EXERCISE AIM. Locate every line in the records below that holds the word "Controller" and return each one.

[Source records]
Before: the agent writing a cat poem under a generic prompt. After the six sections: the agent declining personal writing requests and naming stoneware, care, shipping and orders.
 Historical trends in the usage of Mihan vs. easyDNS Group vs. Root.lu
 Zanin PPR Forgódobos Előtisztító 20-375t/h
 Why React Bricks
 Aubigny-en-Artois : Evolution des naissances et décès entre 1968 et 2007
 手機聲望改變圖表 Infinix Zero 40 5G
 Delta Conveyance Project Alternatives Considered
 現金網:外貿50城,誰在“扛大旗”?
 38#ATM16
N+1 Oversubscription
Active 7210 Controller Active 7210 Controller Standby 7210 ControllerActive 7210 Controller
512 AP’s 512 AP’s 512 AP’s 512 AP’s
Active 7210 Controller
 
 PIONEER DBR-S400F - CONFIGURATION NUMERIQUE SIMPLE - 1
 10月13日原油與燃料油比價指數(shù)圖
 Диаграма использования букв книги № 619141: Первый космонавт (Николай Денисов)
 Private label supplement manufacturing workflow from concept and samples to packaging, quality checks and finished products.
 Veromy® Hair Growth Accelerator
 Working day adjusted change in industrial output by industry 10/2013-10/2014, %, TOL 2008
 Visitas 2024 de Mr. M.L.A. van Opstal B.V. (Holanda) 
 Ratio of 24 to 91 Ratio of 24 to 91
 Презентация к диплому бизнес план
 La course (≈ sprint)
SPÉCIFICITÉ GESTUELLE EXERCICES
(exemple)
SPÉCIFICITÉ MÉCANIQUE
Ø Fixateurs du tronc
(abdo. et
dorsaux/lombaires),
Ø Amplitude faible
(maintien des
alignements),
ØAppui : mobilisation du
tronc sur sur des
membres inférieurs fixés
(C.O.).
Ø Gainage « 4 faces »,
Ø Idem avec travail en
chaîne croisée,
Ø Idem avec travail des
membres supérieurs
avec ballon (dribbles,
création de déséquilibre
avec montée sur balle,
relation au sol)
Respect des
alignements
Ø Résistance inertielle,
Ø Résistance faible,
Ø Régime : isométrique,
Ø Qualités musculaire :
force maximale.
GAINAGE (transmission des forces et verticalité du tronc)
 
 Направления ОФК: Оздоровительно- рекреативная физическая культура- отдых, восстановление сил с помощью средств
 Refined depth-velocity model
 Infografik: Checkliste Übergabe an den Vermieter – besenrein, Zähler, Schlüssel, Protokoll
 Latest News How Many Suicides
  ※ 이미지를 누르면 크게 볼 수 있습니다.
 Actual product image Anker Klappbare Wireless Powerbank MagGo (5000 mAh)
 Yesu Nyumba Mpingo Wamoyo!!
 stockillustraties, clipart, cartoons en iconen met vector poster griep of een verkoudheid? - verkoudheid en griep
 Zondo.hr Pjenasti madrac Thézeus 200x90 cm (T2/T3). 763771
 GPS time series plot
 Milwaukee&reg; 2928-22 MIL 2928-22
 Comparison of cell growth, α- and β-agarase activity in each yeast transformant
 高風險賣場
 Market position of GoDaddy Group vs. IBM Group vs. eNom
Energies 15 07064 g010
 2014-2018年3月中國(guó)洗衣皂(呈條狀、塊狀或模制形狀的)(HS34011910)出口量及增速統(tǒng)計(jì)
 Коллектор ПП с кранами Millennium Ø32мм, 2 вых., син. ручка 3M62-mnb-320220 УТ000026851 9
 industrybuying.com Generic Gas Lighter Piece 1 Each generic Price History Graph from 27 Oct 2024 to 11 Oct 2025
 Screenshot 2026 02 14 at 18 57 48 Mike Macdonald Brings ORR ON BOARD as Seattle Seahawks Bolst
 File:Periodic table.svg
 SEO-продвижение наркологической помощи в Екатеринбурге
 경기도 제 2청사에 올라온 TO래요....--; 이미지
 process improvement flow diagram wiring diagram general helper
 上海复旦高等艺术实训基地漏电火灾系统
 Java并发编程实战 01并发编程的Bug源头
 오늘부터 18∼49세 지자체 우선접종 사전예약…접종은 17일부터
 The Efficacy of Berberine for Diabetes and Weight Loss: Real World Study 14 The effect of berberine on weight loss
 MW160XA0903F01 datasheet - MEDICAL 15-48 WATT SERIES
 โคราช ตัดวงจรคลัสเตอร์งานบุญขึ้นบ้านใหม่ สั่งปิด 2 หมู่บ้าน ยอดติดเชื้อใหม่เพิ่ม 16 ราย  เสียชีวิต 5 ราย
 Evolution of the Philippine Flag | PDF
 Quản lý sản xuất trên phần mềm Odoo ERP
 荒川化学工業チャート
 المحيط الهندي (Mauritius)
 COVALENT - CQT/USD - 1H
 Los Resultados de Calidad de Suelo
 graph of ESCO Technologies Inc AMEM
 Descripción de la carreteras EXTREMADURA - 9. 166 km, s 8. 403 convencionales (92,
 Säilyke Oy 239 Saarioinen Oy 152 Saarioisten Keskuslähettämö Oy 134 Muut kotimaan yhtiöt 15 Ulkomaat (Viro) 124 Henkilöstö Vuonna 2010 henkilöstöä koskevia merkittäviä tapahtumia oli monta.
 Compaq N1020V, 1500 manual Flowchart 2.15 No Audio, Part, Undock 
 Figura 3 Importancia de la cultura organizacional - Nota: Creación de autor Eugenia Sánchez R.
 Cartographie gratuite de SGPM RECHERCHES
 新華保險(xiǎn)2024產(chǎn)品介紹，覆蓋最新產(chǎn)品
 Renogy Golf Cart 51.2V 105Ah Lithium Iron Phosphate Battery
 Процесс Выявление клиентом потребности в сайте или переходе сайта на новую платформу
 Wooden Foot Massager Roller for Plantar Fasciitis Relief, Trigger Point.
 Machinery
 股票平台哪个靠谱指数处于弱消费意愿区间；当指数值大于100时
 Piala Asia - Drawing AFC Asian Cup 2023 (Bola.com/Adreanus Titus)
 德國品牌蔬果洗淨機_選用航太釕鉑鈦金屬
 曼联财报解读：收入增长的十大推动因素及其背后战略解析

TASK RESPONSE.
Active 7210 Controller Active 7210 Controller Standby 7210 ControllerActive 7210 Controller
Active 7210 Controller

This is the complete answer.